Quadratic Functions - All Forms

The axis of symmetry is given by the equation x = -\frac{b}{2a}, where a and b are coefficients from the standard form of the quadratic equation ax^2 + bx + c.

The standard form of a quadratic function is f(x) = ax^2 + bx + c, where a, b, and c are constants.

The vertex form of a quadratic function is f(x) = a(x-h)^2 + k, where (h, k) is the vertex of the parabola.

The factored form of a quadratic function is f(x) = a(x - r_1)(x - r_2), where r_1 and r_2 are the roots of the quadratic.

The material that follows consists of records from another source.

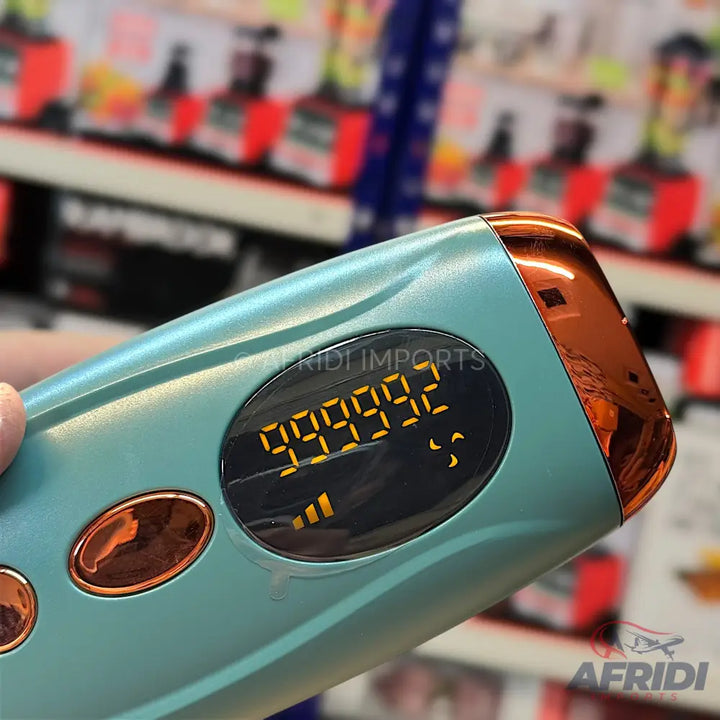 A handheld hair removal device with a digital display showing ’999992’’ and an intensity indicator.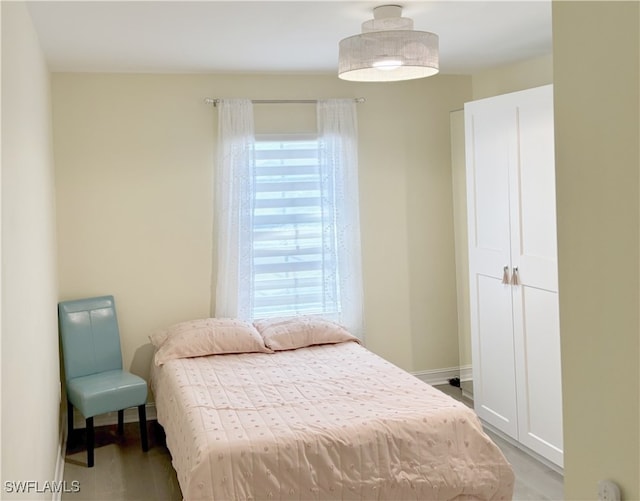 bedroom featuring wood finished floors and baseboards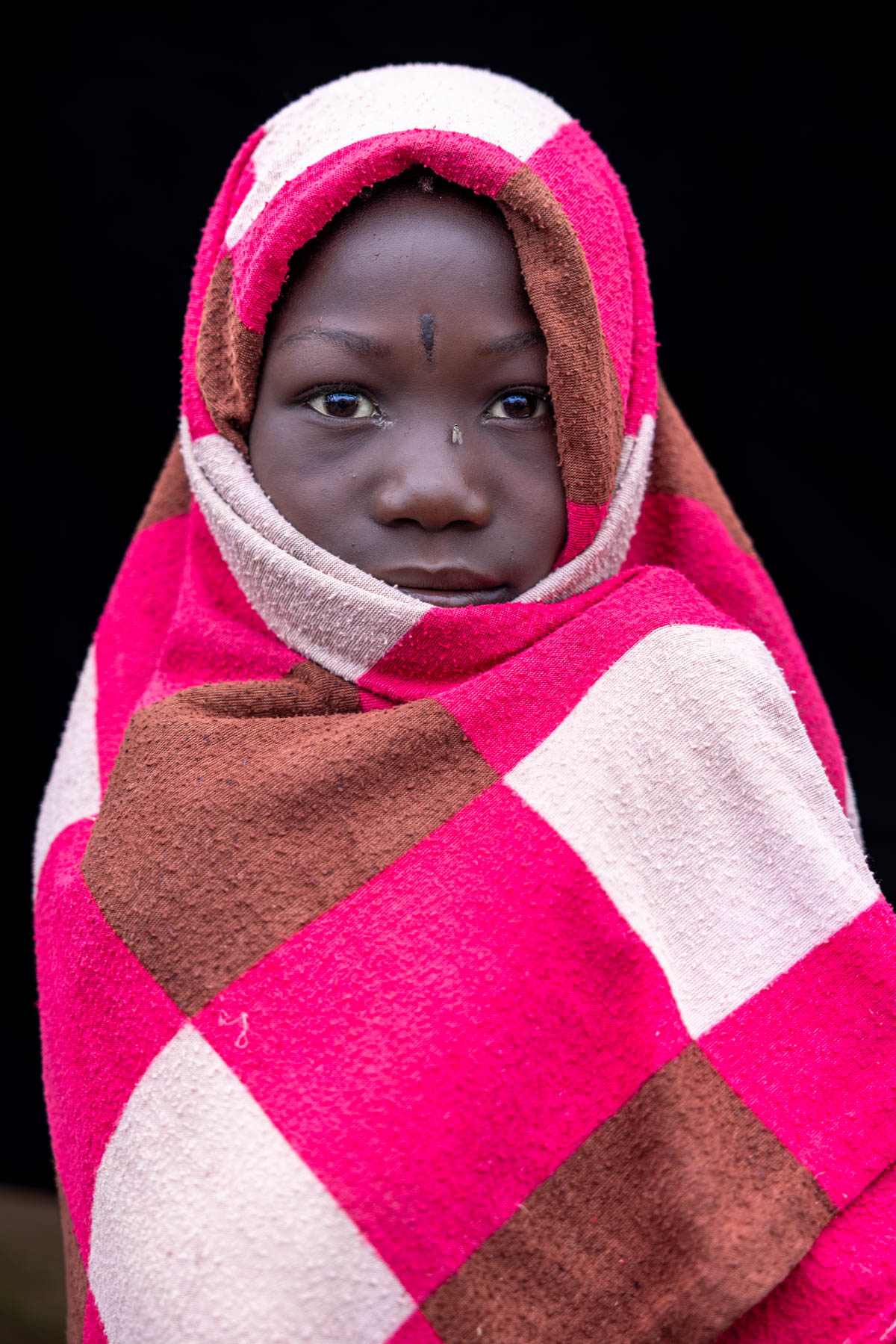 A young Nyangatom girl wrapped in pink. (image by Ingrid Koedood)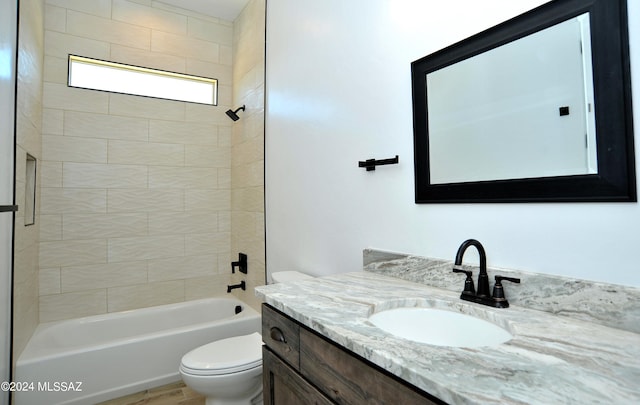 full bathroom with vanity, tiled shower / bath, and toilet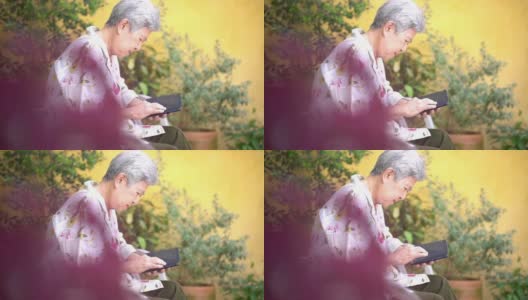 亚洲老人老年人老年人妇女老年人男性使用手机智能手机户外。成熟的退休生活高清在线视频素材下载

The y-intercept can be found by evaluating the function at x = 0, i.e., f(0) = c in the standard form.

The coefficient 'a' determines the direction of the parabola: if a > 0, the parabola opens upwards; if a < 0, it opens downwards.

The vertex can be found using the formula ( -\frac{b}{2a}, f(-\frac{b}{2a}) ).

The quadratic formula is x = \frac{-b \pm \sqrt{b^2 - 4ac}}{2a}, used to find the roots of the quadratic equation ax^2 + bx + c = 0.

The discriminant, given by b^2 - 4ac, indicates the nature of the roots: if > 0, two real roots; if = 0, one real root; if < 0, no real roots.

In the vertex form f(x) = a(x-h)^2 + k, the y-coordinate of the vertex is k.